June 13, 2013 - The Washington Post, Lonnae O'Neal Parker
Fifty years after the racial upheaval of the 1960s, Americans often like to say they don’t see color. They pretend not to see it even when it’s right in front of their faces, says artist Faith Ringgold. It’s a worldview she finds delusional, counterintuitive and impossible for artists like herself who traffic in color and shades of meaning.
“You don’t have to not see,” Ringgold says. “You can see and accept and love and allow. It’s okay. It’s okay. The more you look, the more real everybody becomes, and it’s okay.”
That’s one of the many messages in the comprehensive survey “American People, Black Light: Faith Ringgold’s Paintings of the 1960s,” opening June 21 at the National Museum of Women in the Arts. They are paintings of a nation convulsing from civil rights and feminist ideals. They are the faces and bodies of people going through massive social change during a time when the abstract traditions of Pollock and De Kooning held sway, and minimalism and pop art — cubes and commercial imagery — were ascending. It is a message that has come back around, though it’s taken decades.

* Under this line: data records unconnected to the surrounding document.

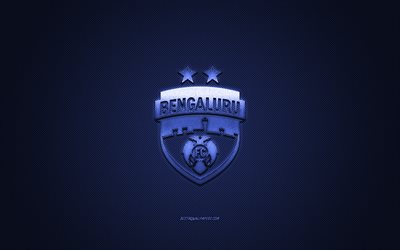 Bengaluru FC, Indian football club, blue logo, blue carbon fiber background, Indian Super League, football, Bangalore, India, Bengaluru FC logo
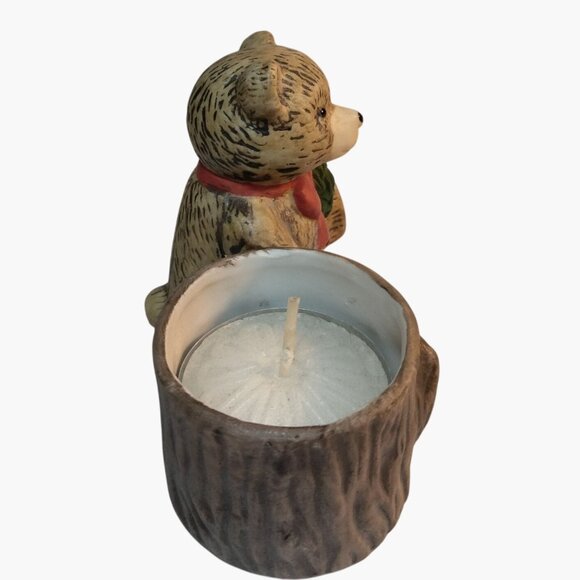 Teddy Bear Figurine Candle Holder Christmas Holiday Wreath - Picture 4 of 8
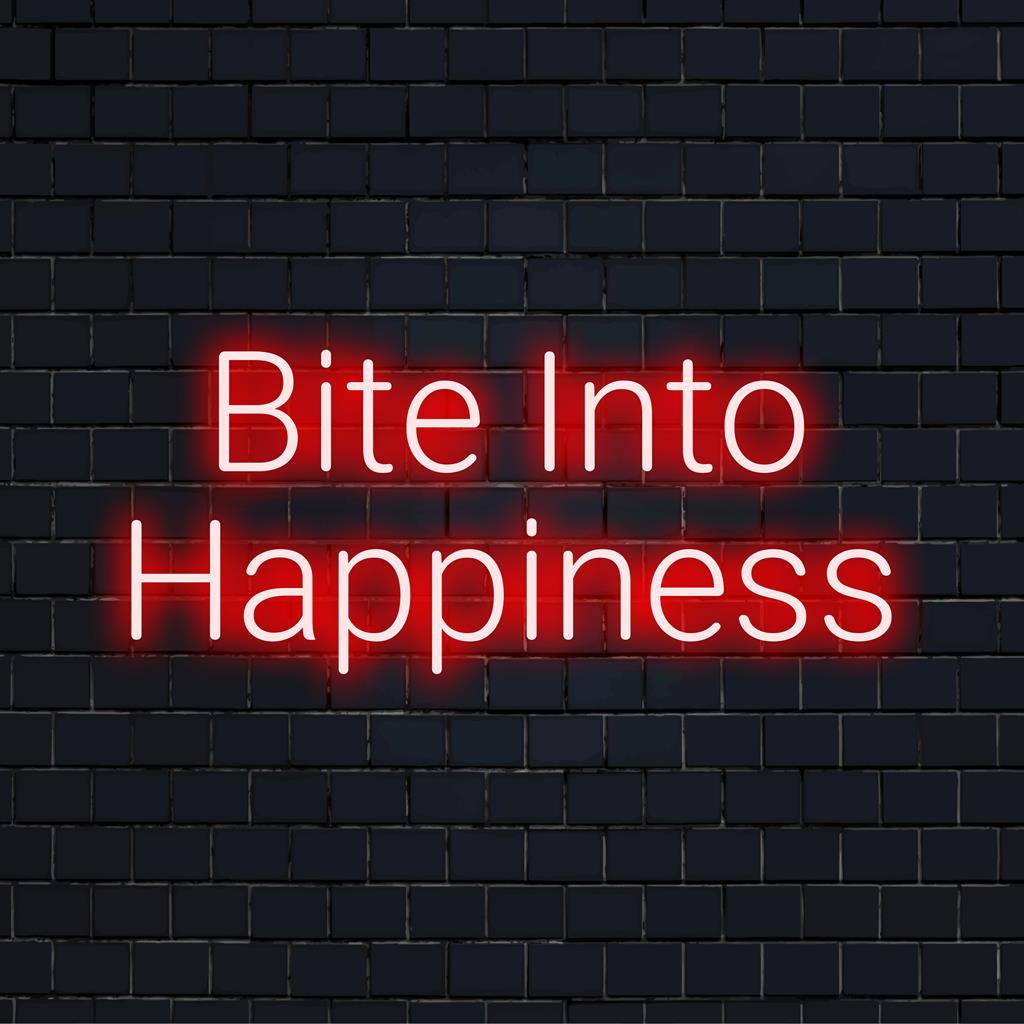 Aangepast LED-neonbord: Bite Into Happiness, levendige neondecoratie die een vrolijke sfeer creëert in elke ruimte.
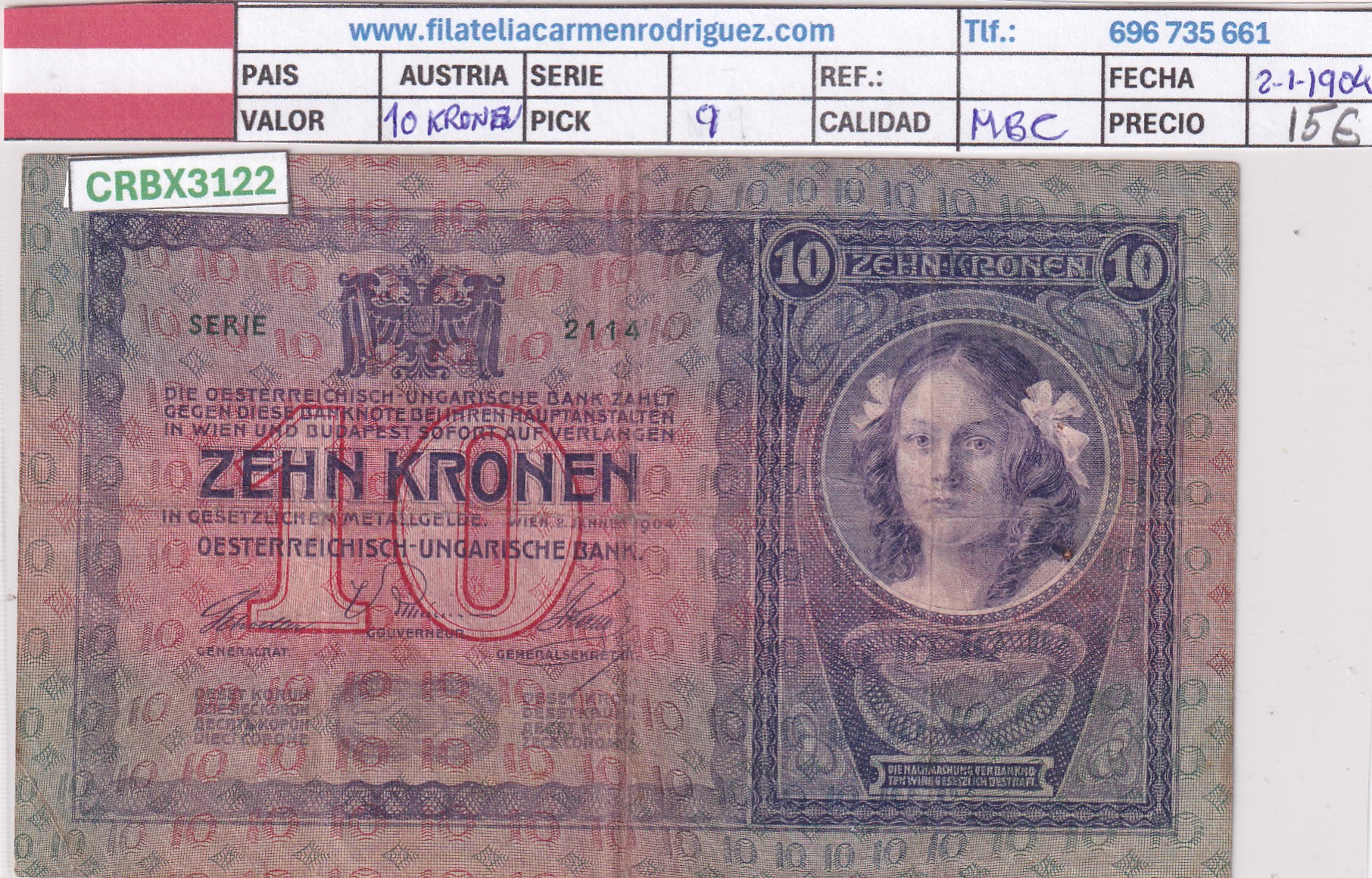 CRBX3122 CRBX3122 BILLETE AUSTRIA 10 KRONEN 1904 P-9 MBC - Imagen 1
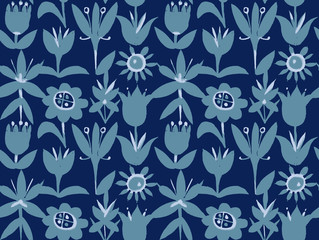 Floral seamless pattern with abstract colorful plants and flowers. Hand drawn watercolor botanical elements in folk style. Decorative backdrop for fashion prints, fabric, textile, wrapper or surface.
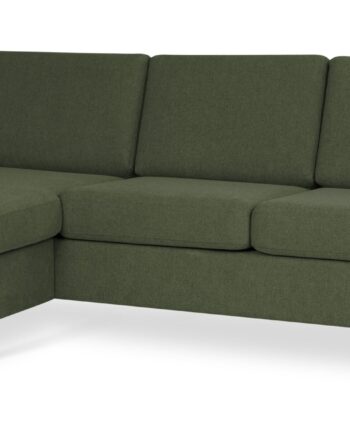 Pan Set Sofa Med Chaiselong Vinter Mosgrøn Polyester Stof Børstet Aluminium på Afbetaling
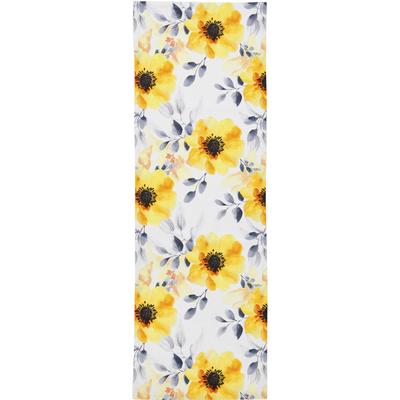 Tischläufer DONE. "Yellow Roses, mit Rosenmotiv", gelb (weiß, gelb, grau), B:45cm L:150cm, Baumwolle, Tischdecken, Digitaldruck, Maße ca. 45x150 cm Image
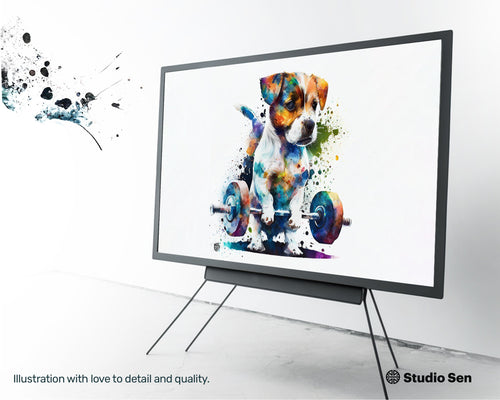 Samsung Art TV, Fitness Jack Russel, premium download, drops and splashes, friendly wallpaper, art for kids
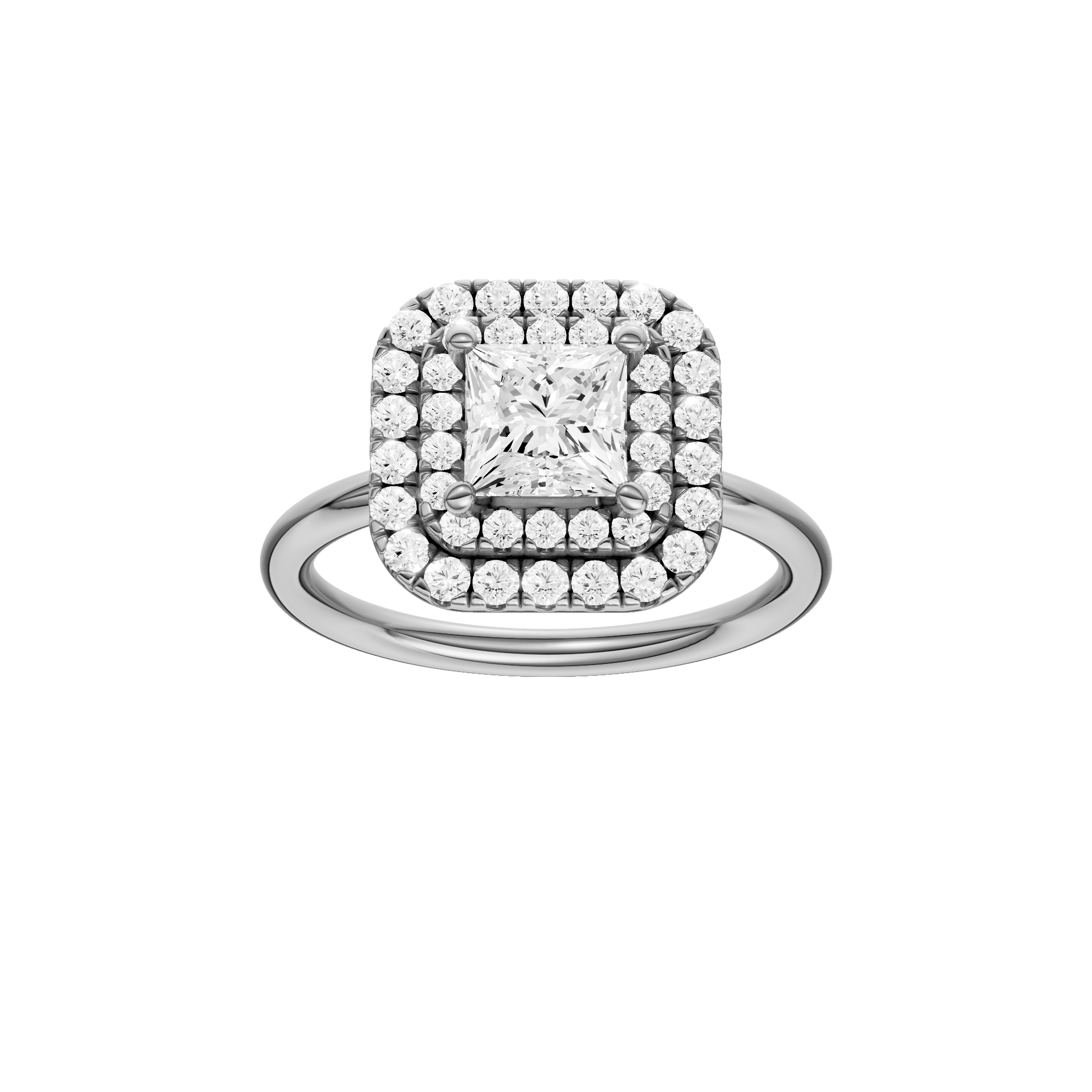 Princess-cut diamond engagement ring with a plain band and double-halo setting.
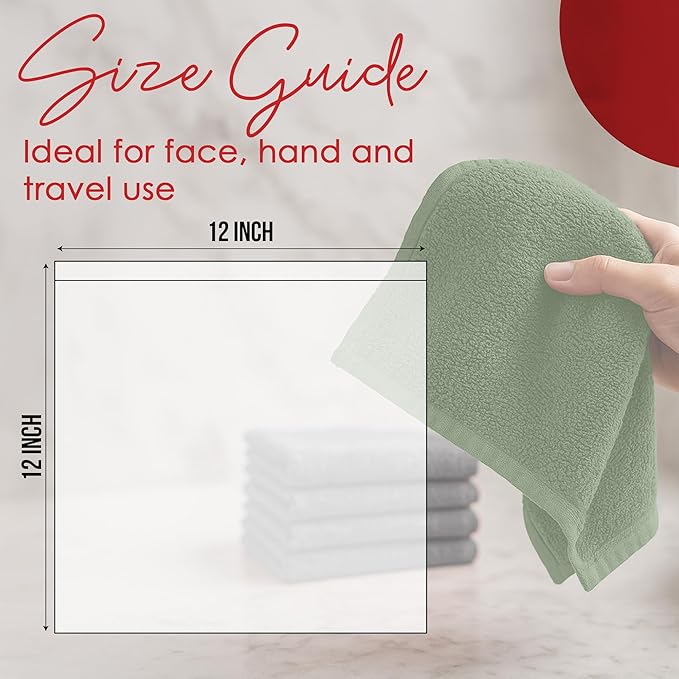RIVERSIDE 24 Pack Washcloths Set - 100% Cotton [12x12 Inches] - Soft, Quick-Dry & Highly Absorbent Face Towels - Perfect for Bathroom, Gym, Hotel, Spa & Travel - Sage Green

The 49-piece exhibition unfolds chronologically, taking up eight galleries and provoking visitors with paintings of enormous size, arresting intimacy and unsettling intensity. They are marked by large, emoting eyes, her signature U-shaped line descending from the eyebrows around the nose, and “high-keyed” blues, reds, and greens, colors that dominate not with brightness, but with depth. It is a style she calls super-realism — one that demands that viewers engage.